RECORDS FOR THE EXERCISE:
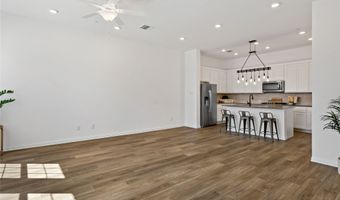 2249 Adena Springs Dr, Allen, TX 75013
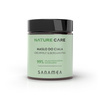 Sanamea Nature Care - Ujędrniające masło do ciała grejpfrut&bergamotka 100ml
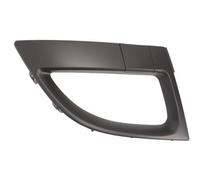Bumpers and components BLIC 5510-00-6046992PP for RENAULT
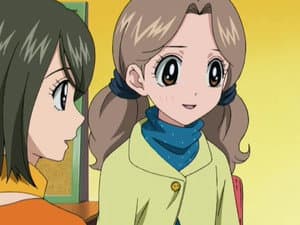 Episodio 23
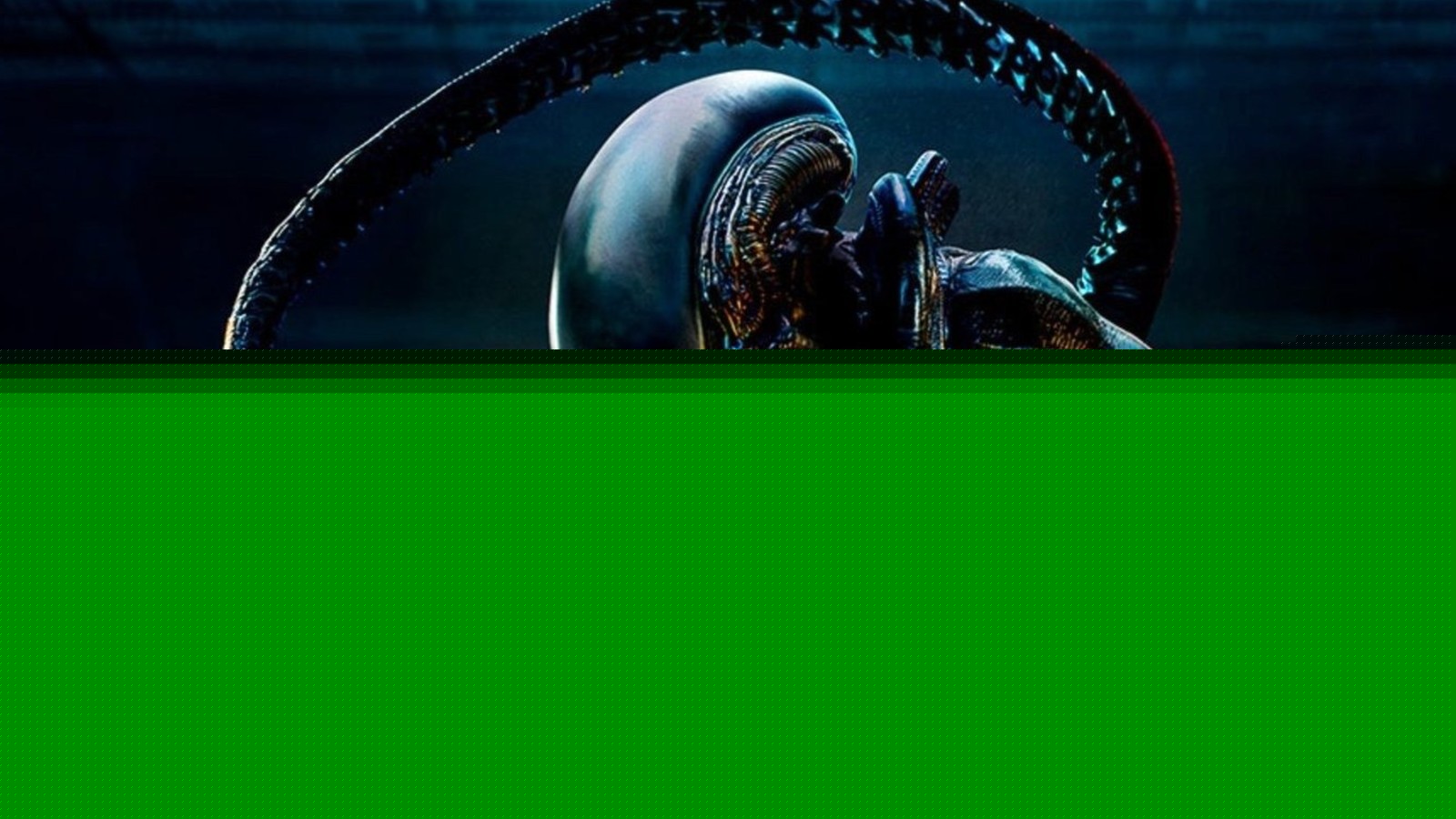 Alien: Earth Season 2 could be released sooner than you think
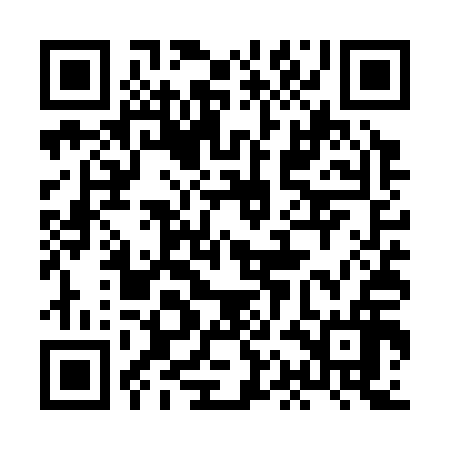 QR code for 8AES16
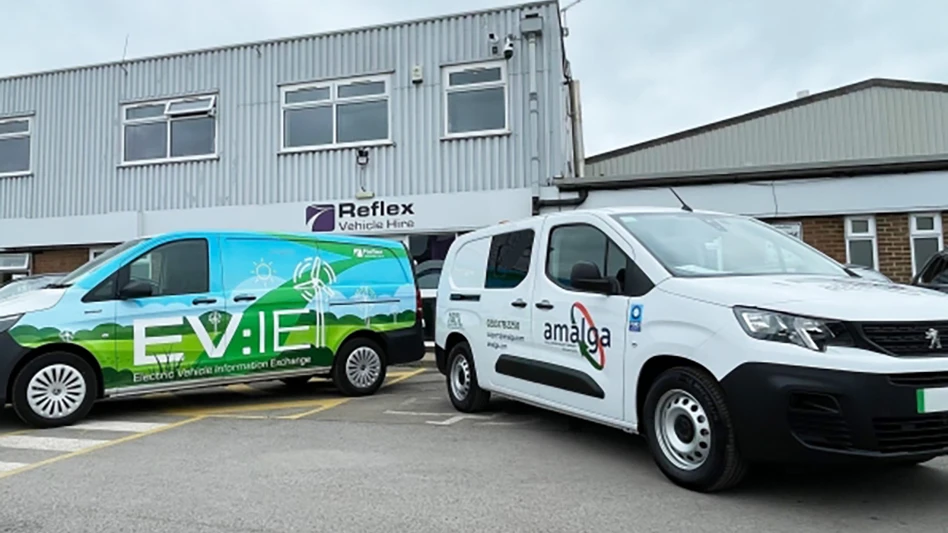https://www.reflexvehiclehire.com/ev-ready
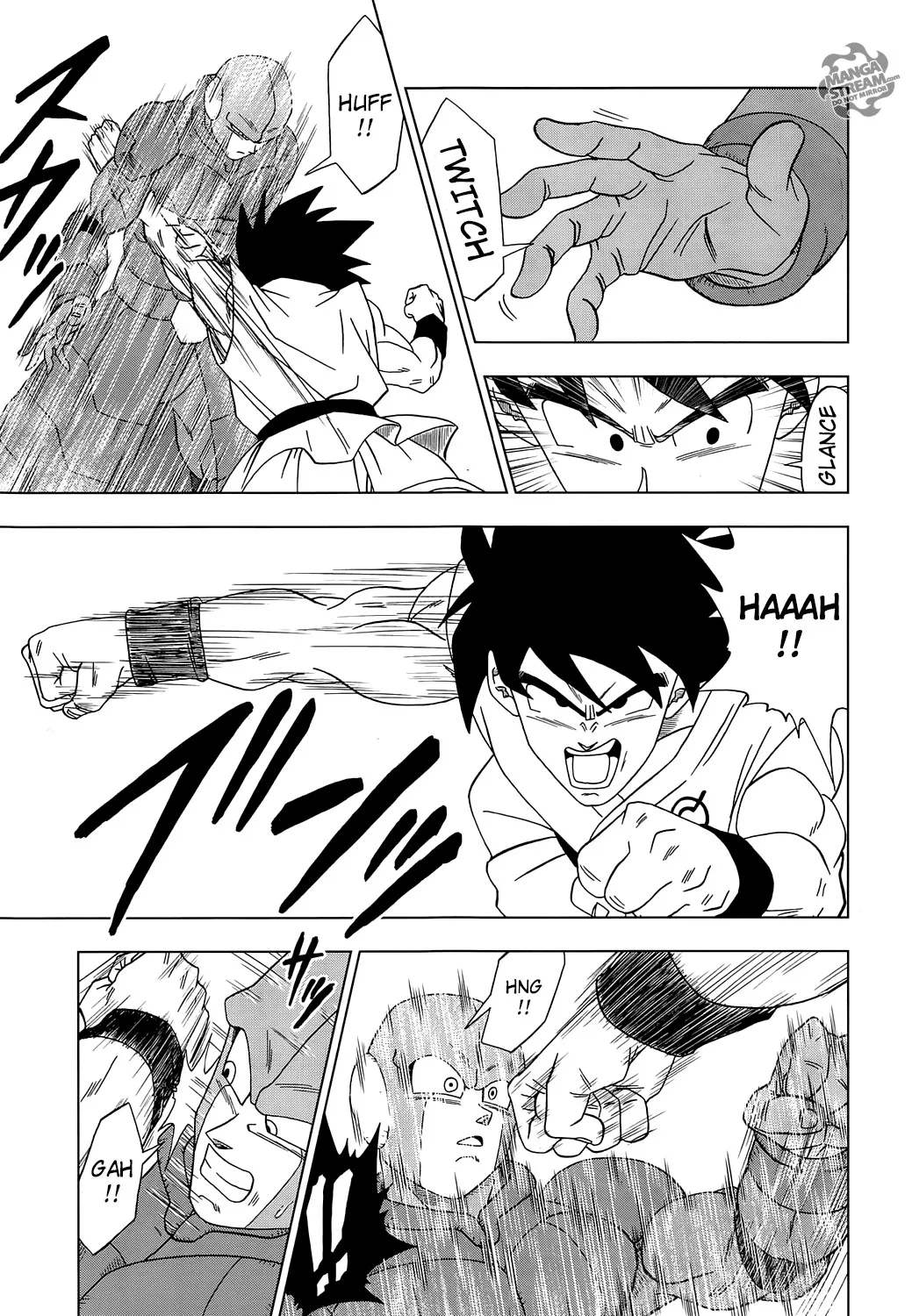 Dragon Ball Super - 13 - 65572cbf23bea.webp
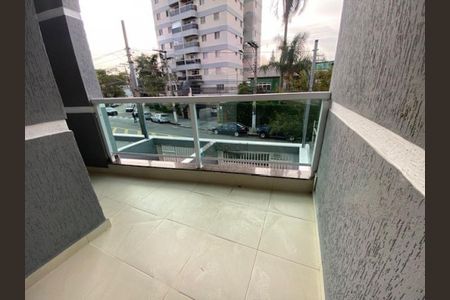 Casa à venda com 182m², 3 quartos e 6 vagas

ACTIVITY: Should a record include a picture, drop the picture and write out the remainder exactly.

PROBLEM SOLUTION:
 2249 Adena Springs Dr, Allen, TX 75013
 Sanamea Nature Care - Ujędrniające masło do ciała grejpfrut&bergamotka 100ml
Bumpers and components BLIC 5510-00-6046992PP for RENAULT
 Episodio 23
 Alien: Earth Season 2 could be released sooner than you think
 QR code for 8AES16
https://www.reflexvehiclehire.com/ev-ready
 Dragon Ball Super - 13 - 65572cbf23bea.webp
 Casa à venda com 182m², 3 quartos e 6 vagas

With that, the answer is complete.